A common complaint I get from people when they see my docs and processes at work is that they seem excessive for a startup. “Documents are for big companies”, they say. Or they think my boss is a dictator who forces me to write a 50-page spec document.

None are true. Here is the real reason I spend so many days perfecting my documents, be it a 1 - pager pitch document or a 50 pager spec, is that it helps me get clarity on the task at hand. These documents are really for me; not for my manager.

Let’s go through a few scenarios:

  • You want to pick up an ambitious project which will take months of development and might be the only thing you ship. Would you rather argue with Management when the project gets delayed, because most big projects do, or just add a ‘Potential areas of concern’ section in your spec and highlight that timeline might change based on X factors, and then communicate this as early as you can.

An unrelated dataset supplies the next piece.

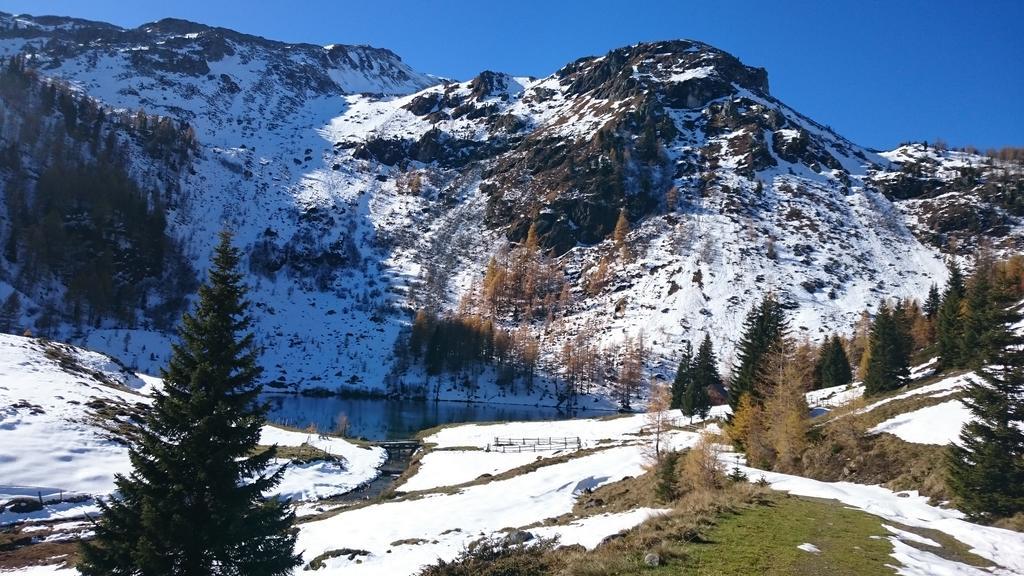 Apartament Urlaub Am Raderhof In Der Ferienregion Lungau Mauterndorf  Zewnętrze zdjęcie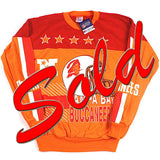 Vintage Tampa Bay Buccaneers Crewneck Sweatshirt NWT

  • You took a big decision and got external stakeholders aligned in spite of their initial protests. Would you want them to come back later and say they had never given their buy-in, or just highlight this in a DACI table, and communicate this as a joint decision

  • You start development. One month later the developer comes and tells you that he has no clue why we picked it up in the first place. Now ask ‘Would it have hurt to create a WHY section in the spec highlighting the data and qualitative research backing this project?’

I use dozens of docs at work. I obsess over how I can improve my communication. I try to create as many frameworks as I can. I believe in focusing on these so that I can accomplish 80% of the work through 20% effort later.

So don’t create processes to impress your team. Don’t write 50-page docs to earn brownie points from management. Do it so that you can do your job as a PM better. In the end, it is the only thing that matters.